Waiting for 8.4 - database-level lc_collation and lc_ctype
On 23rd of September, Heikki Linnakangas committed patch that was written by Radek Strnad (actually committed patch is a stripped-down version of original).
What it does? It adds ability to have (finally!) different collation order and character categories for different databases.
Up until now, you had to set LC_COLLATE and LC_CTYPE when doing initdb, and then it was unchangeable. Database initdb’ed as LATIN2 would not work fully correctly when dealing with UTF-8.
Now, it has been changed:
Make LC_COLLATE and LC_CTYPE database-level settings. Collation and
ctype are now more like encoding, stored in new datcollate and datctype
columns in pg_database.
This is a stripped-down version of Radek Strnad's patch, with further
changes by me.
What it gives us?
For example, let’s assume we have PostgreSQL instance initialized with “C” locale:
# \l
List of databases
Name | Owner | Encoding | Collation | Ctype | Access Privileges
-----------+--------+-----------+-----------+-------+----------------------------
depesz | depesz | SQL_ASCII | C | C |
postgres | pgdba | SQL_ASCII | C | C |
template0 | pgdba | SQL_ASCII | C | C | {=c/pgdba,pgdba=CTc/pgdba}
template1 | pgdba | SQL_ASCII | C | C | {=c/pgdba,pgdba=CTc/pgdba}
(4 rows)
Since “C” doesn’t know anything about polish national characters it will not be able to sort polish text correctly. Nor can it upper() correctly:
# set client_encoding = 'UTF-8';
SET
# select c, upper(c) from (values ('a'), ('ć'), ('e'), ('ź'), ('x'), ('ł'), ('ś'), ('w')) as x (c) order by c;
c | upper
---+-------
a | A
e | E
w | W
x | X
ć | ć
ł | ł
ś | ś
ź | ź
(8 rows)
(If you’re not familiar with polish alphabet, just trust me - it’s not ok. I’ll show how it should look in a moment.).
With Pg <= 8.3 I would have to reinitdb, and thus convert all databases to new collation. Which is a bit troublesome.

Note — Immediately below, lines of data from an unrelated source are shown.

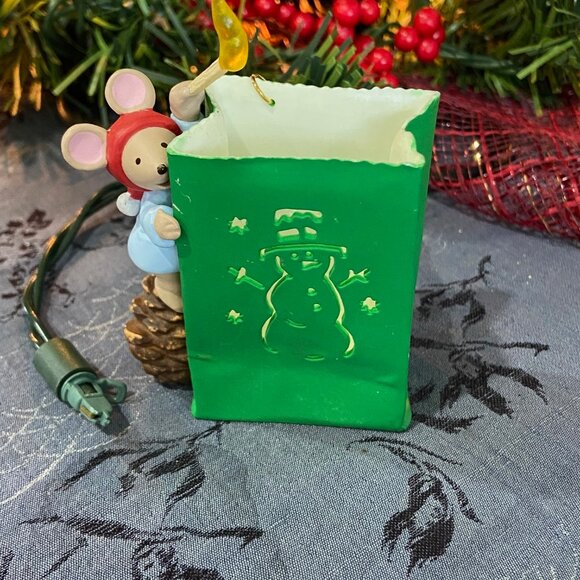 Hallmark Keepsake Ornament Chris Mouse Luminaria, SIGNED Magic Collector Series - Picture 4 of 8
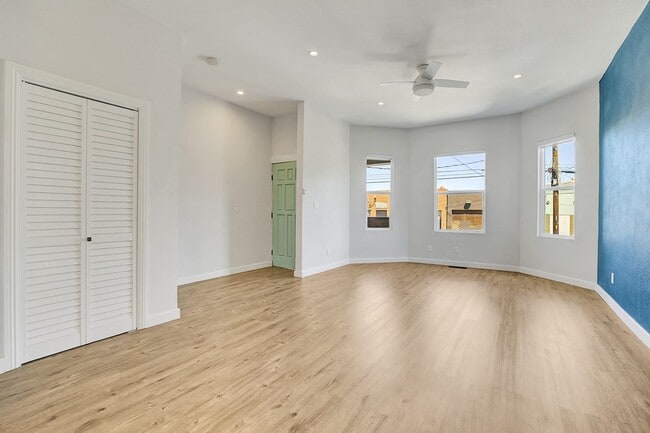 Photo - West Oakland Stylish 2/1 Flat - Completely... Townhome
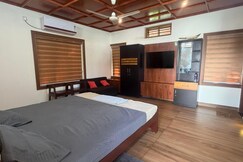 Turtle Island - Ayurveda Backwater Stay, Munroe Island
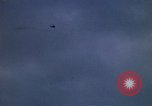 Immagine di 1° aria divisione di cavalleria sostituzioni guardando demonstratio in elicottero Il Vietnam, 1971, secondo 55 filmato di repertorio 65675032698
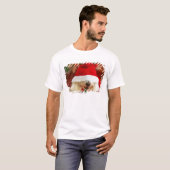 サンタの衣裳を身に着けているBichon Friseの子犬 Tシャツ (正面フル)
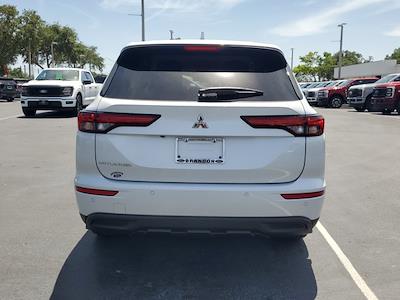 2022 Mitsubishi Outlander FWD SUV for sale #S1162A - photo 2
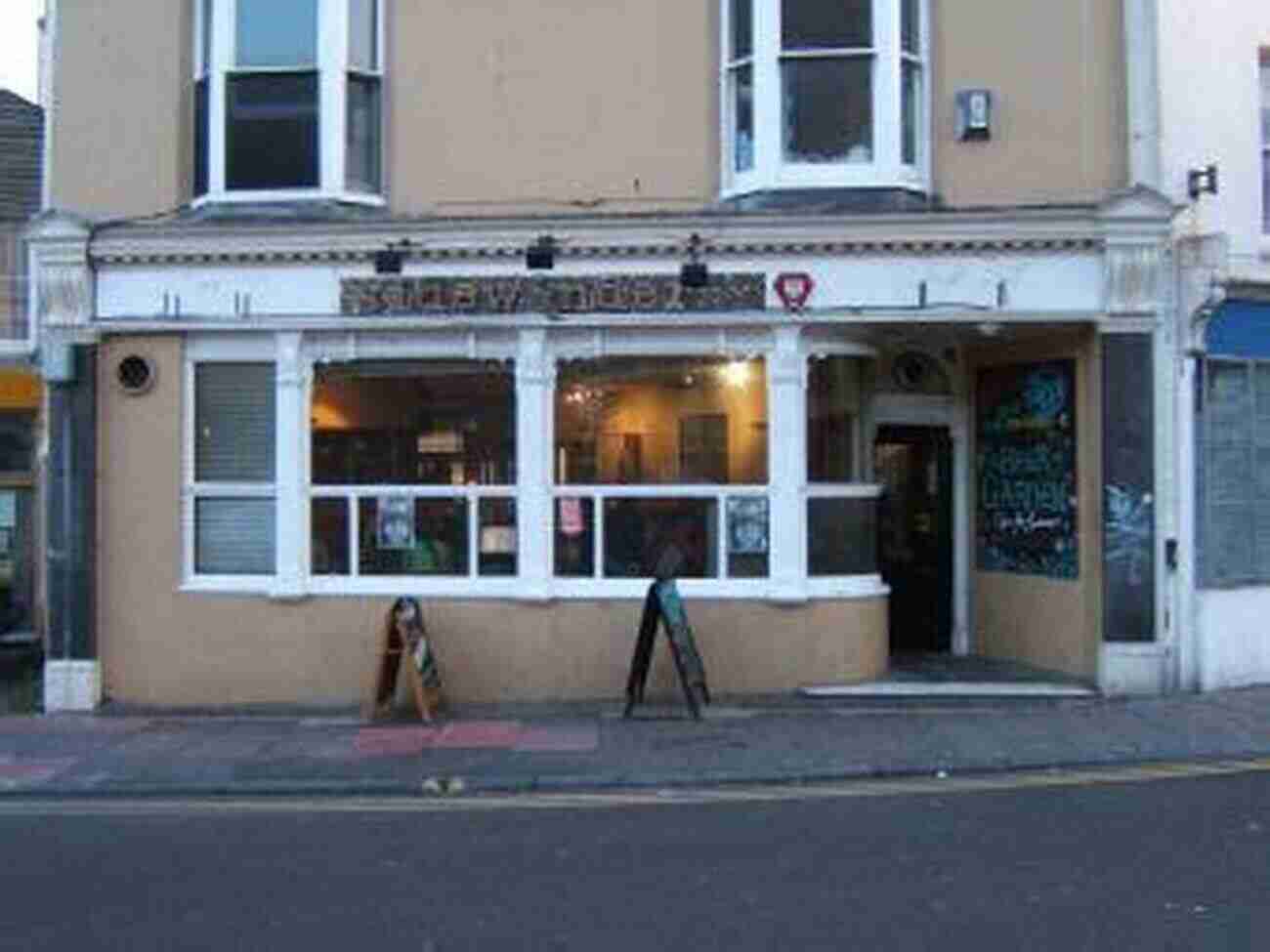 The Sidewinder Brighton S Best Pubs Joan Praed Lyons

Luckily, with 8.4, I can add new database, that will use another collation:
# CREATE DATABASE depesz_pl with encoding 'utf8' collate 'pl_PL.UTF-8' ctype 'pl_PL.UTF-8' template template0;
CREATE DATABASE
The only problem is that I need to use template0. Otherwise I’ll get:
# CREATE DATABASE depesz_pl with encoding 'utf8' collate 'pl_PL.UTF-8' ctype 'pl_PL.UTF-8';
ERROR: new collation is incompatible with the collation of the template database (C)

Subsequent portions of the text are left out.